When did that change? Early in the twentieth century, architects re-thought the notions of what buildings could be. Buildings started to be viewed as sculpture themselves. Architects explored new ways of building buildings and invented new forms for a modern society to live in. They changed the way we looked at buildings as radically as artists changed the way we looked at art. To some, a building had the potential to become a dynamic work of abstract art.

I.M. Pei designed the Everson Museum of Art to be a grand sculptural object, sitting in a plaza, surrounded by the forms of the modern city. He rejected the traditional notion that a museum needed to be a monumental container for art and decided it ought to be a sculptural work of art itself. He freed himself to design a building that could be experienced as sculpture.

We experience sculpture in three dimensions by moving around it. Sculpture is meant to be seen from multiple viewpoints over a period of time. I.M. Pei wants us to see his building from multiple viewpoints, to move around it, discover its forms and spaces. He wants us to discover how to enter the building and be delighted by the spaces we find.

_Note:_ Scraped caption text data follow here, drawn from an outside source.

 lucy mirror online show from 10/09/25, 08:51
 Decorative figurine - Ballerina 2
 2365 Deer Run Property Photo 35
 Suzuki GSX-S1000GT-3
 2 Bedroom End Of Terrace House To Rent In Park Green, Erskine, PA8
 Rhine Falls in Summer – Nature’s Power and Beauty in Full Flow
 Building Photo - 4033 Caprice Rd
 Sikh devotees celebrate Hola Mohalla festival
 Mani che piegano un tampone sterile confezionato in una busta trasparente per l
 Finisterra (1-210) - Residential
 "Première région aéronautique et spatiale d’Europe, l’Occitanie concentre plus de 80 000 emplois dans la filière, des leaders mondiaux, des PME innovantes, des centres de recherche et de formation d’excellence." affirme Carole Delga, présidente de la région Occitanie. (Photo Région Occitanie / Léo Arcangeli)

This building breaks with tradition. It does not readily tell us how to use it, how to enter it or what to expect. This building does, in a very different way, tell us that it is about art. It tells us we should look at buildings and art from a different perspective. It asks us to explore and question what we think art, or sculpture, or spaces, or buildings should be. It rewards us with beautiful art, exciting spaces and a building that is dynamic, sculptural and beautifully crafted. What begins as a search for the front door becomes a journey to experience art and architecture from a new point of view.